2021年07月18日
フラワーカンパニーズ(著)「消えぞこない メンバーチェンジなし!活動休止なし!ヒット曲なし!のバンドが結成26年で日本武道館ワンマンライブにたどりつく話」
名前は知ってる、あぁそうだ「深夜高速」の!
という事でフラワーカンパニーズのヒストリー本。初の武道館公演に向けて盛り上げるためのリリースのひとつだったようだ。
「メンバーチェンジなし!活動休止なし!ヒット曲なし!のバンドが結成26年で日本武道館ワンマンライブにたどりつく話」というタイトルの文言そのままの本です。全員へのインタビューで結成からの事を順に聞いていく感じの構成ですね。
さて、フラカン。一応知っているは知っているし、評価が高いのも知ってる。「深夜高速」は名曲だ。でもそれしか知らない。
難しいのは、ある種、硬派で飾らないロックバンドというのは一番どうとでもなるわけで、それこそ90年代ならHey! Hey! Hey!だのうたばんだのに出て、面白くいじるポイントを見つけられたり、偶然でもトークが盛り上がったりすれば何かしらのキャラクターがついてポッと露出が増えてそこそこ売れたりした時代だった。
コミカルにも、イキった感じでも、本格派でも、悪く言えばテレビサイズに切り取られていた時代。
ミッシェルやブランキーさえ普通にゴールデンの歌番組に出ていたし、それこそロマンポルシェ。なんかも出ていた。エレカシは素晴らしいバンドだが、テレビが無ければ初期のアルバムからあの売れ方は想像できなかっただろう。

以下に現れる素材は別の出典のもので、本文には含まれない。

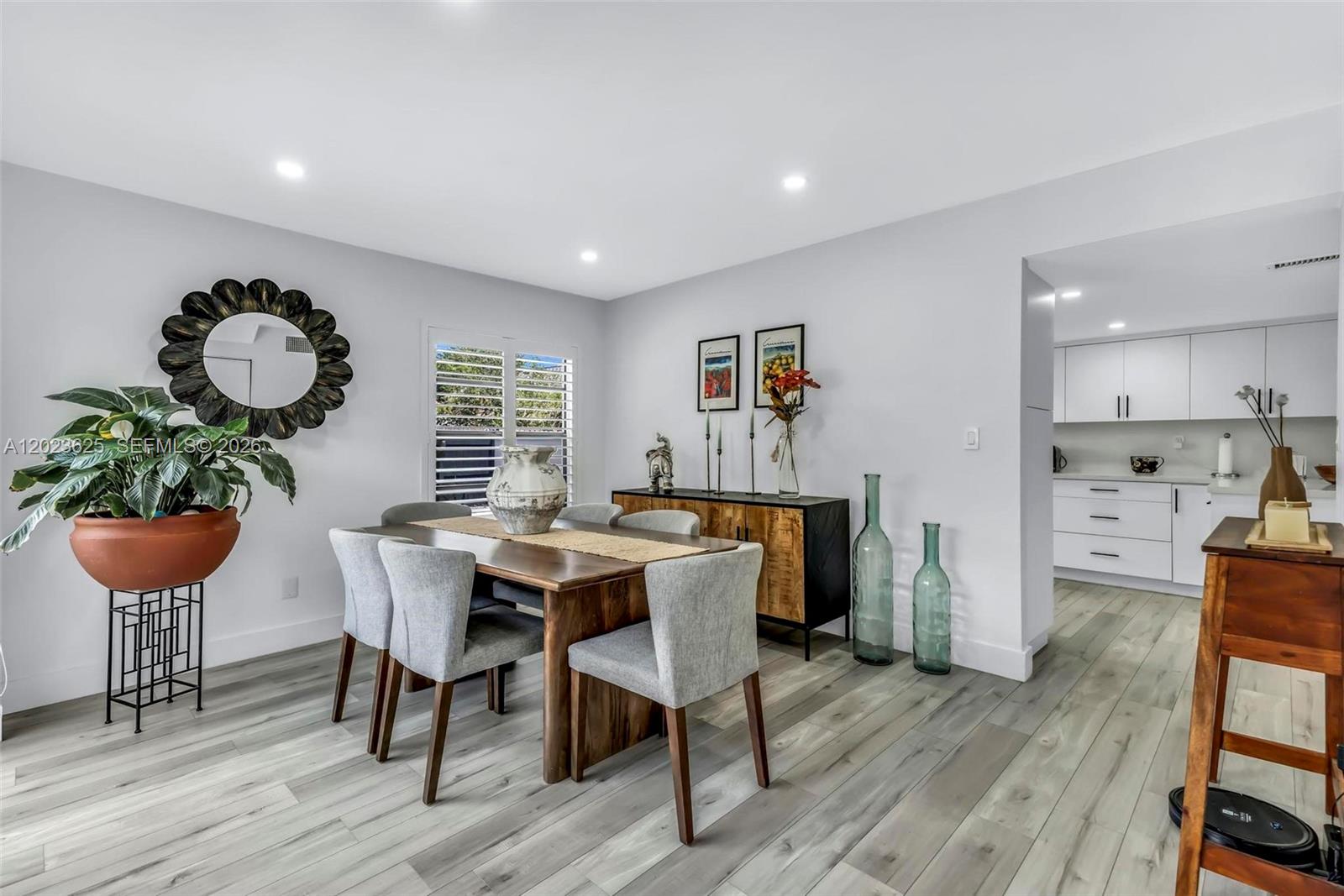 11765 SW 91st Ter Miami, FL 33186
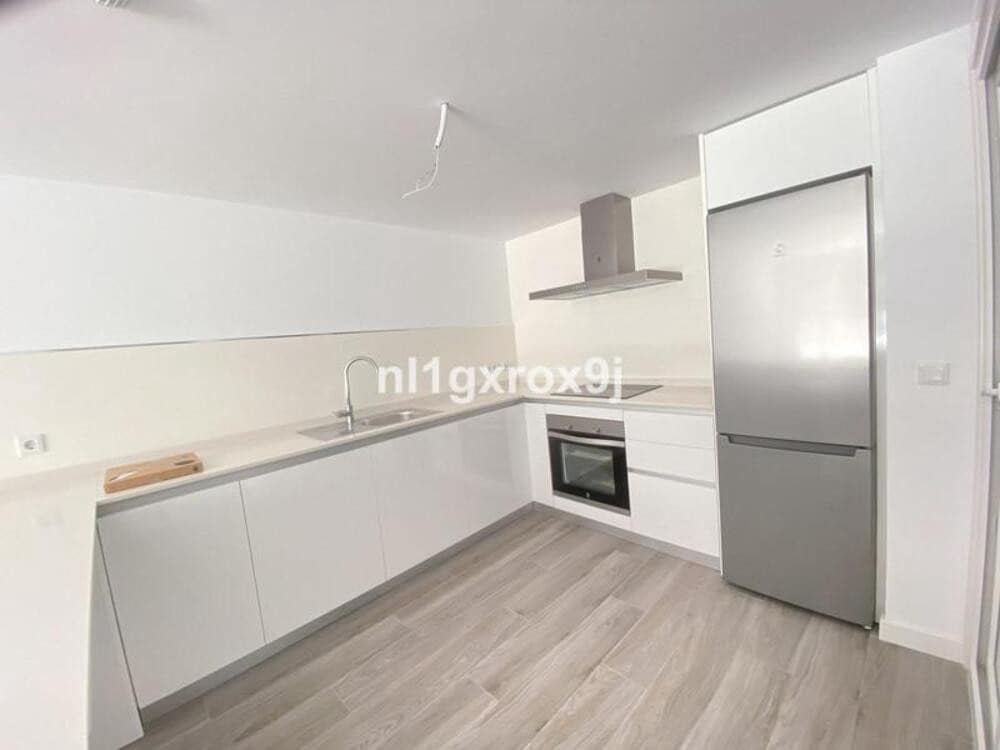 2 soveværelse Lejlighed til salg i Benahavis med swimmingpool garage - € 475.000 (Ref: 7565878)
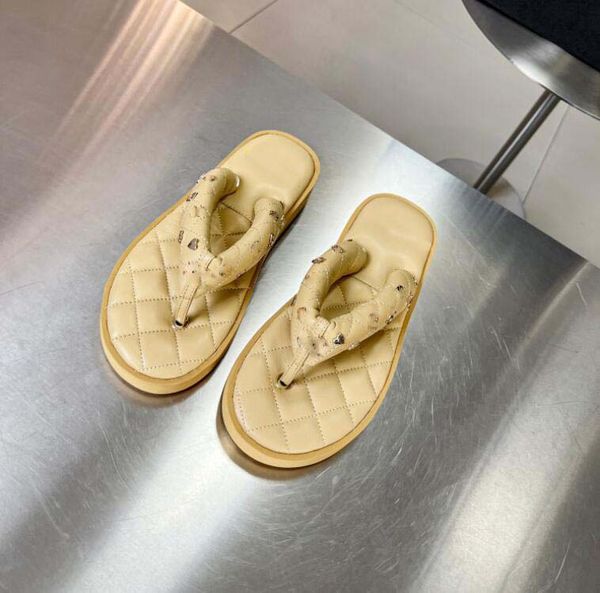 womens beach slippers famous classic flat heel summer designer fashion flops leather lady brand slides famale shoes l bath ladies sandals la, Black
womens beach slippers famous classic flat heel summer designer fashion flops leather lady brand slides famale shoes l bath ladies sandals la, Black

そんな中で売れるタイミングを逃し続け、一般的なヒット曲も無く活動を続けているこのバンドは稀有な存在だ。いわゆるアンダーグラウンドやサブカル的なバンドでは無い、むしろバンドブーム的なマスに開かれたロックバンドである彼らが「他にやれる事もないし」とばかりにただ愚直に、「DIY」などという言葉をご大層に出したりもせず淡々と自分でできることをこなしている姿は、とても清々しく、ある種の理想でもある。
もちろん、この生活が保障されたものでは無く、「晴天雨読」のようなのんびりした生活でも無いのはわかっている。
ご多分に漏れず「深夜高速」くらいしかちゃんと聞いたことが無かったのだが、この本の中に出てくる他の曲の歌詞もやはり同じ様なテーマで、葛藤や焦りなどを振り払おうと懸命な姿が描かれたものが多い。
こんなにもこの状態が長いているというのも珍しい。やはりテキトウなところで降りるというのが普通の売れないバンドの行く末なわけで。ヒット曲が無いままバンド一本で食い続けるというのは凄いとしか言いようがない。ある種青春ともいえる異様に長いモラトリアムを生きながら、その中でもがき続けているようだ。
前書き代わりの元ロッキング・オン編集者の兵庫慎司の「まともに考えたらソールドアウトなんか無理で損するだけだしあんまり意味ないから武道館なんかやるべきじゃない(要約)」という文章からはじまるこの本だが、検索して当時の記事を読む限り、うまくいったようだ。
まぁその後バンドがブレイクするようなことも今に至るまでないので、状況は以前変わっていない、むしろコロナでライブができなくなったのは致命的だろうと思うが、「青春ごっこ」を続ける彼らは、そこから降りた人間からするとひたすら眩しい。